■ **The task**: The expected output is the full set of entries, retyped verbatim, pictures excluded.

■ **Records provided**:
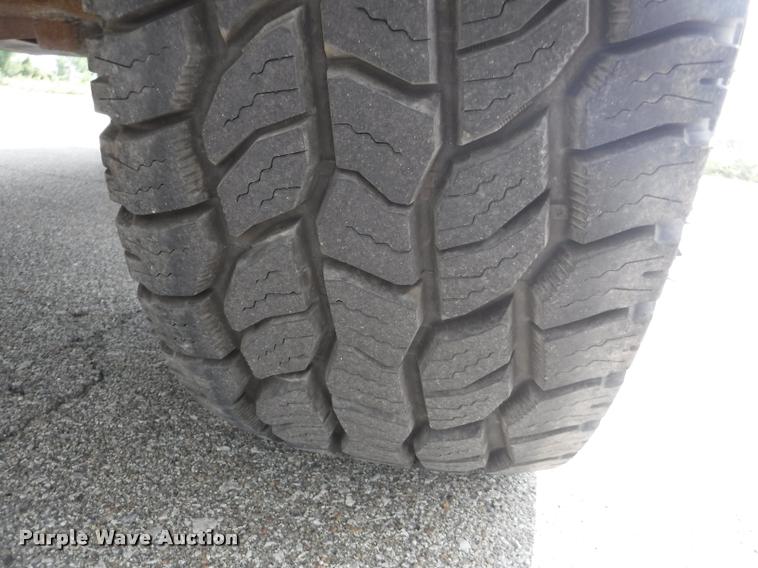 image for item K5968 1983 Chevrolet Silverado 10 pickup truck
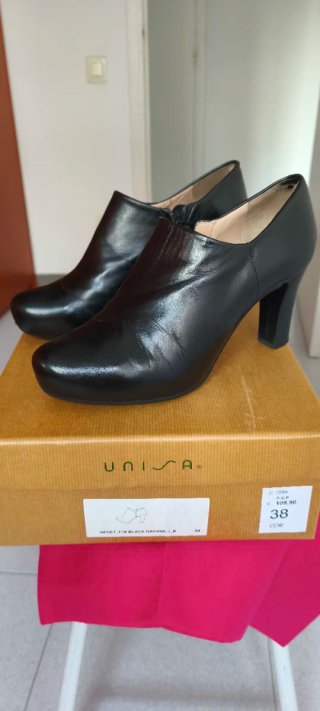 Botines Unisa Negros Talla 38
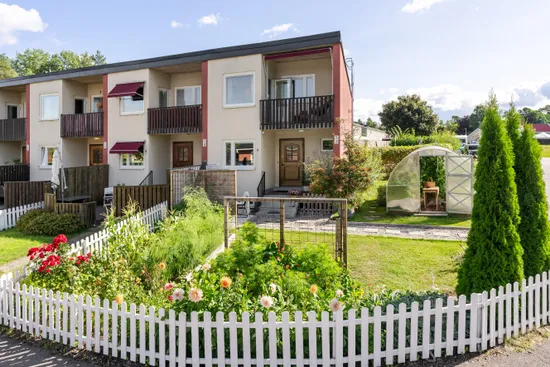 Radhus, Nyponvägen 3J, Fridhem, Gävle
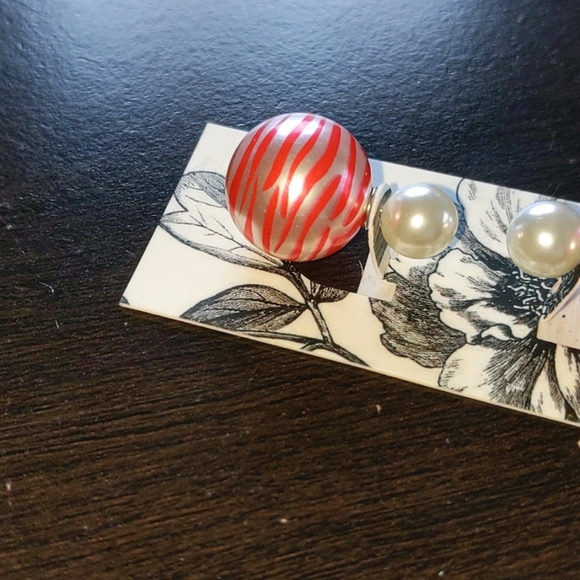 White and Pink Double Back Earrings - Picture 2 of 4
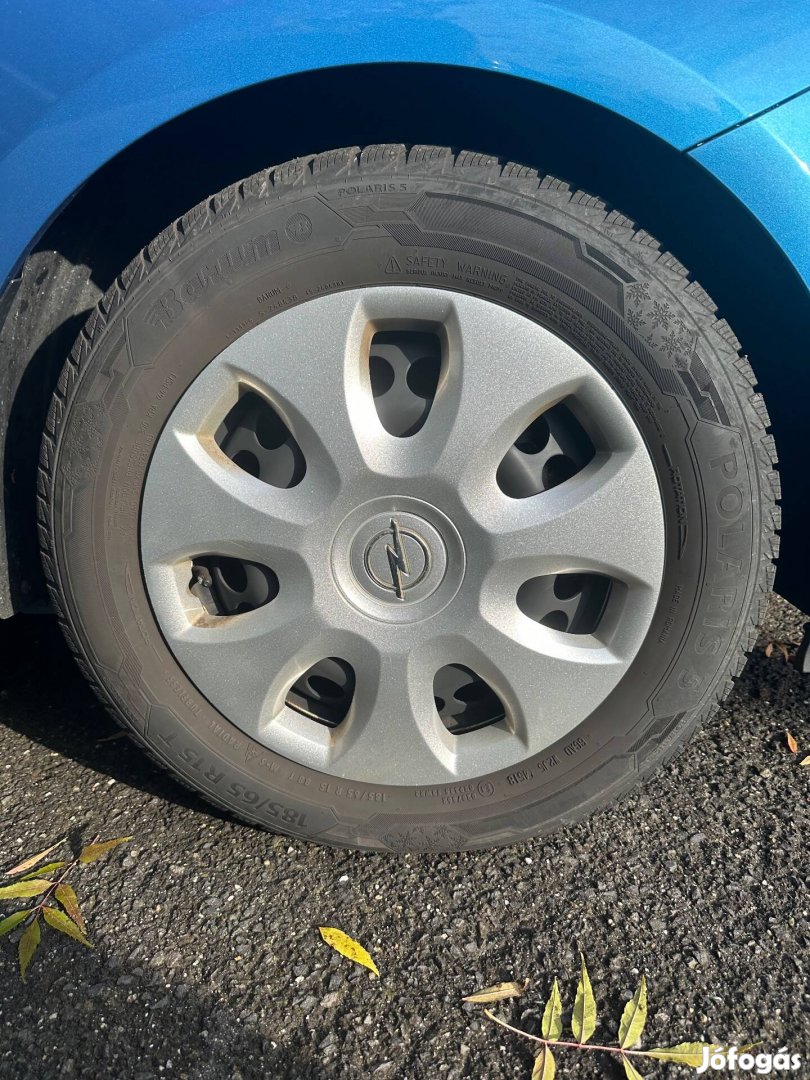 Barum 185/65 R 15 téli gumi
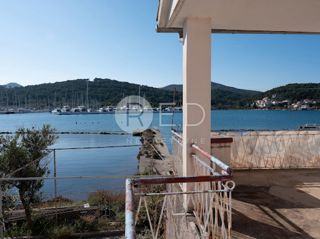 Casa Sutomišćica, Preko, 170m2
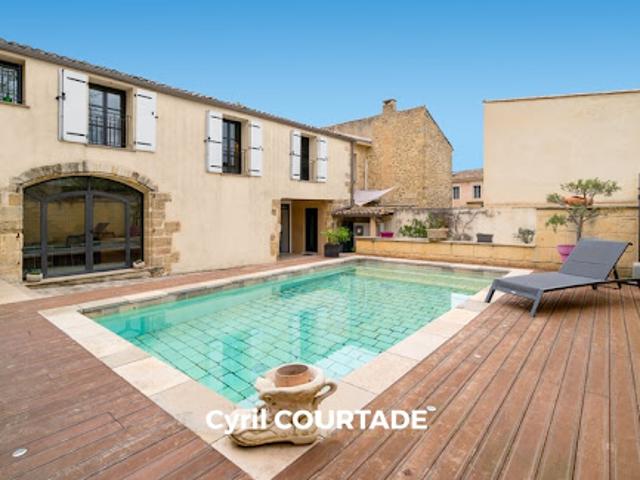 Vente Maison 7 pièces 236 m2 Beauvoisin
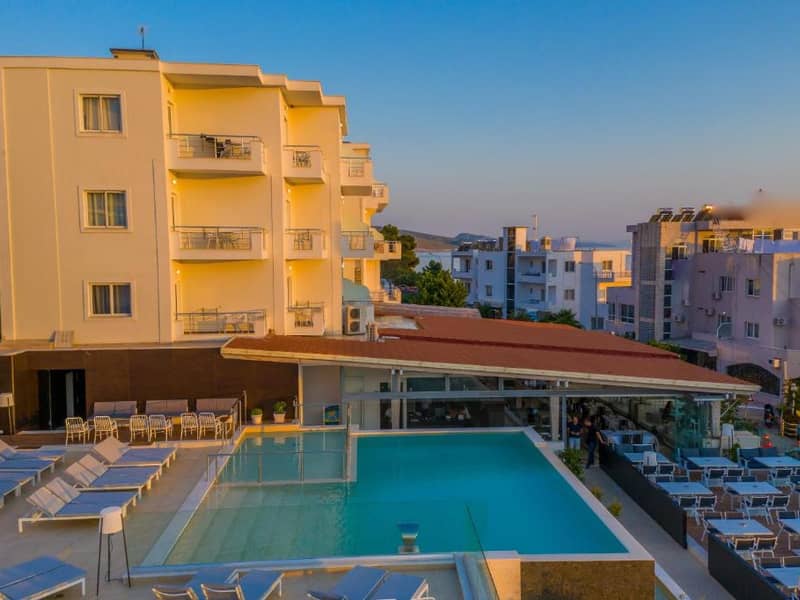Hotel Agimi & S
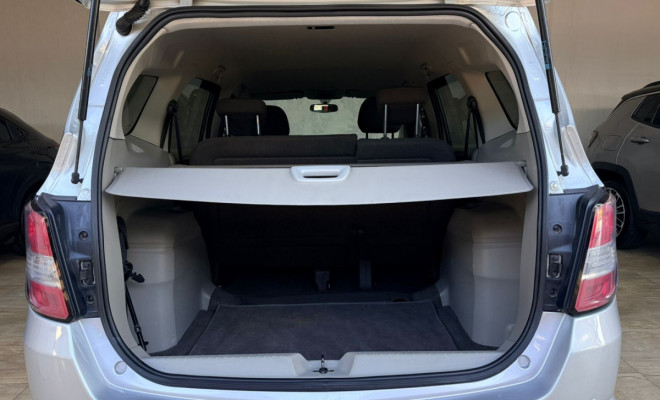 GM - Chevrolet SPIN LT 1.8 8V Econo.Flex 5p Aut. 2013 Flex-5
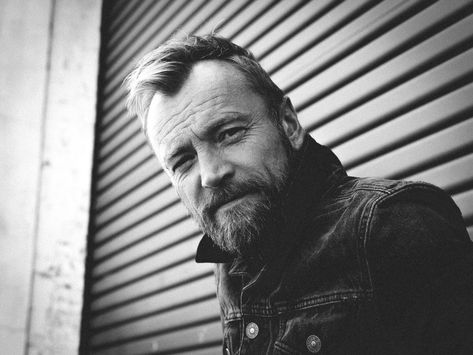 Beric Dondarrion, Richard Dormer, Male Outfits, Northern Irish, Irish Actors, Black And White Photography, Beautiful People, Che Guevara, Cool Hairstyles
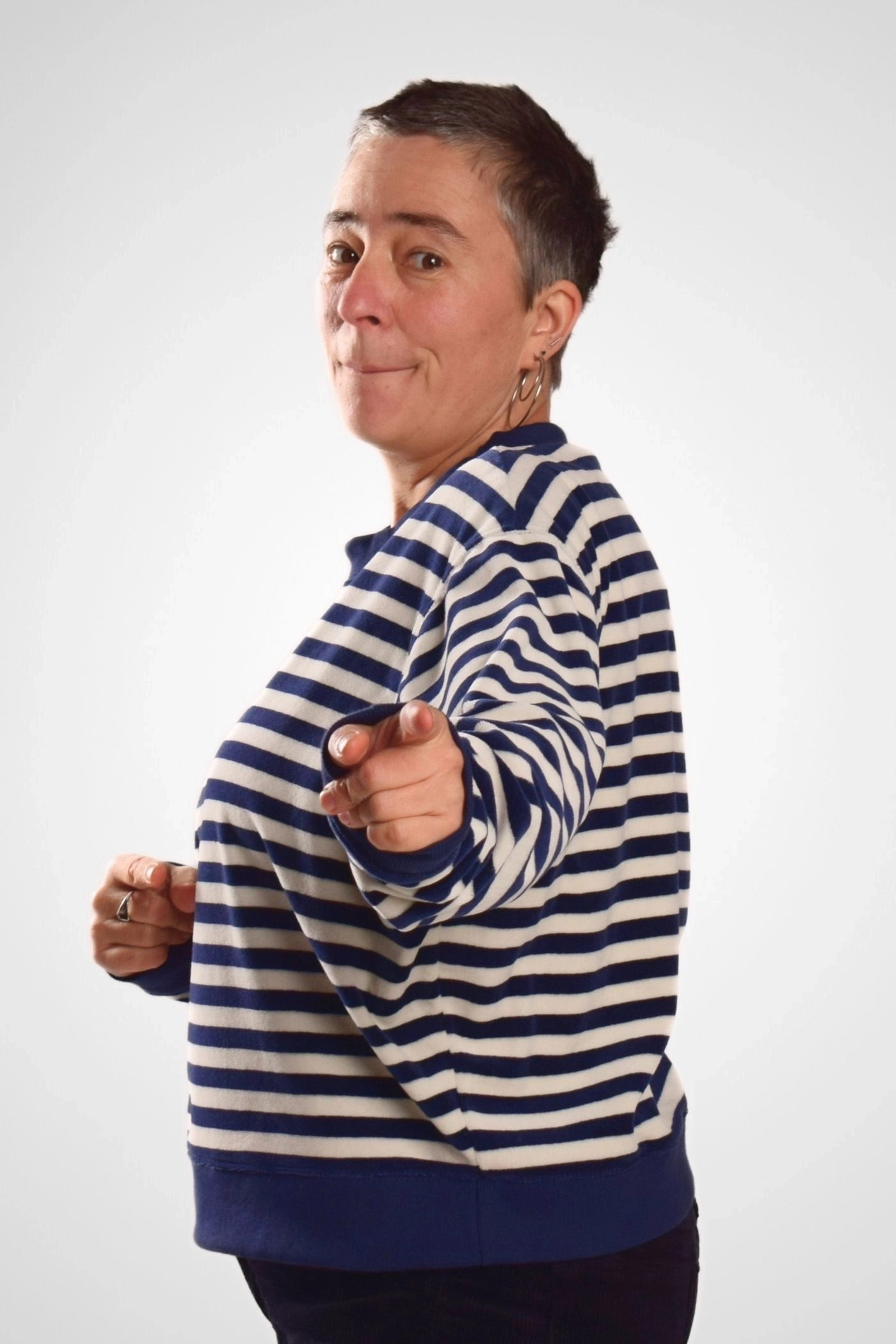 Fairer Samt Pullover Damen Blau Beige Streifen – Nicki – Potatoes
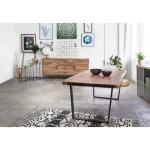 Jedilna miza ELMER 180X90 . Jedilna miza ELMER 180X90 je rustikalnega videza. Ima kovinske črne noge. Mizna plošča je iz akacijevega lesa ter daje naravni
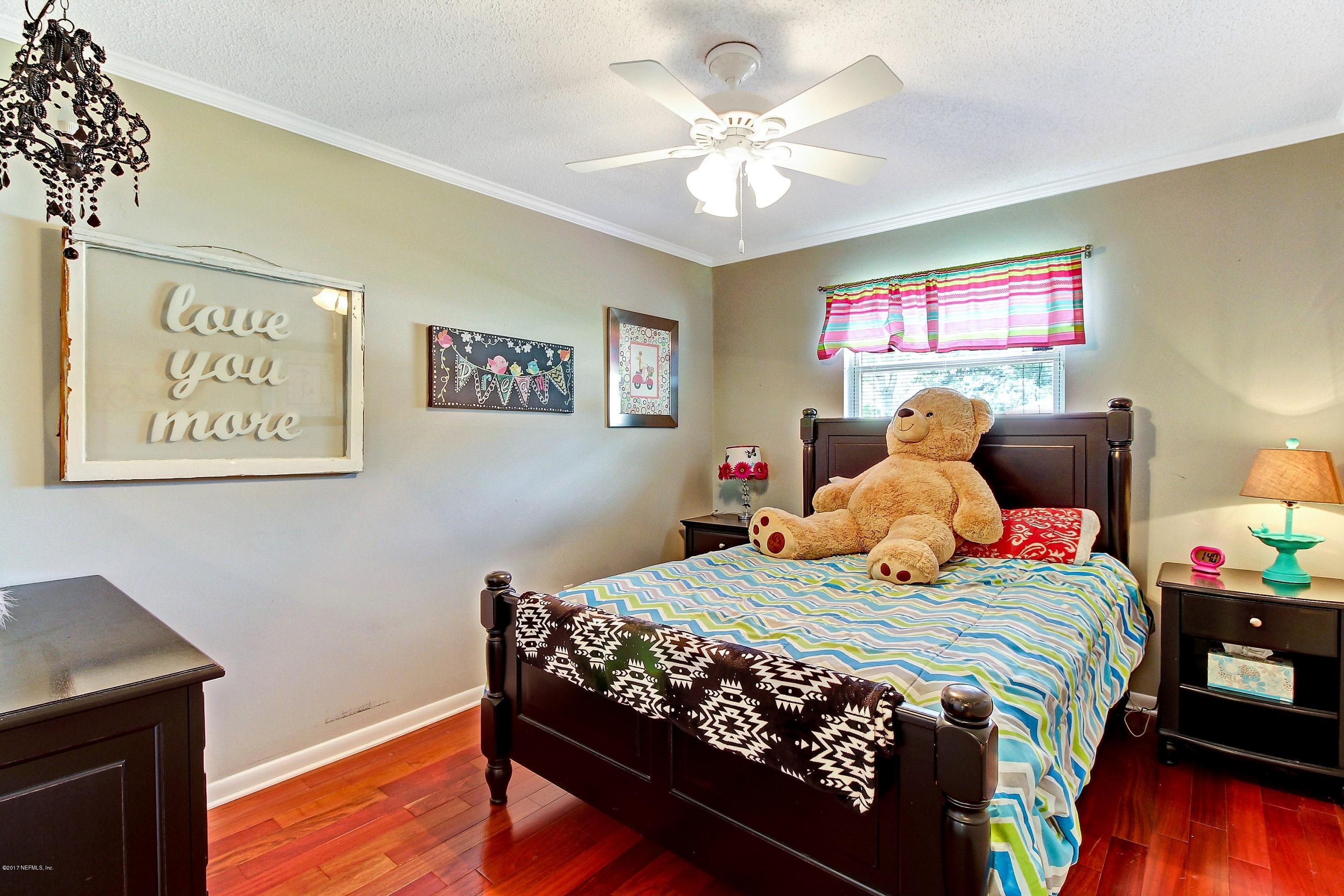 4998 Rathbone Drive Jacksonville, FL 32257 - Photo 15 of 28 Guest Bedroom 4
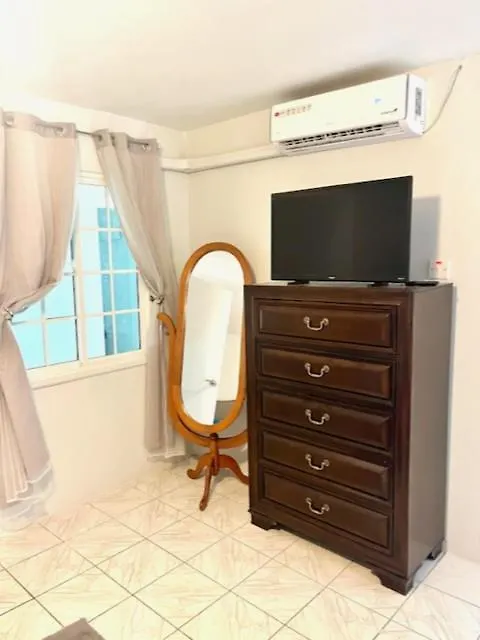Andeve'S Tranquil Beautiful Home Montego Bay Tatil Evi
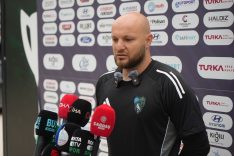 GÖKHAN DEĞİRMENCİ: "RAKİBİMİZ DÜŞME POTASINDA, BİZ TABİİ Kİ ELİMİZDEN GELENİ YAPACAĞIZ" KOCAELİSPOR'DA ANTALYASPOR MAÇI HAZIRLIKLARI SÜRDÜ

■ **Problem solution**:
 image for item K5968 1983 Chevrolet Silverado 10 pickup truck
 Botines Unisa Negros Talla 38
 Radhus, Nyponvägen 3J, Fridhem, Gävle
 White and Pink Double Back Earrings - Picture 2 of 4
 Barum 185/65 R 15 téli gumi
 Casa Sutomišćica, Preko, 170m2
 Vente Maison 7 pièces 236 m2 Beauvoisin
Hotel Agimi & S
 GM - Chevrolet SPIN LT 1.8 8V Econo.Flex 5p Aut. 2013 Flex-5
 Beric Dondarrion, Richard Dormer, Male Outfits, Northern Irish, Irish Actors, Black And White Photography, Beautiful People, Che Guevara, Cool Hairstyles
 Fairer Samt Pullover Damen Blau Beige Streifen – Nicki – Potatoes
 Jedilna miza ELMER 180X90 . Jedilna miza ELMER 180X90 je rustikalnega videza. Ima kovinske črne noge. Mizna plošča je iz akacijevega lesa ter daje naravni
 4998 Rathbone Drive Jacksonville, FL 32257 - Photo 15 of 28 Guest Bedroom 4
Andeve'S Tranquil Beautiful Home Montego Bay Tatil Evi
 GÖKHAN DEĞİRMENCİ: "RAKİBİMİZ DÜŞME POTASINDA, BİZ TABİİ Kİ ELİMİZDEN GELENİ YAPACAĞIZ" KOCAELİSPOR'DA ANTALYASPOR MAÇI HAZIRLIKLARI SÜRDÜ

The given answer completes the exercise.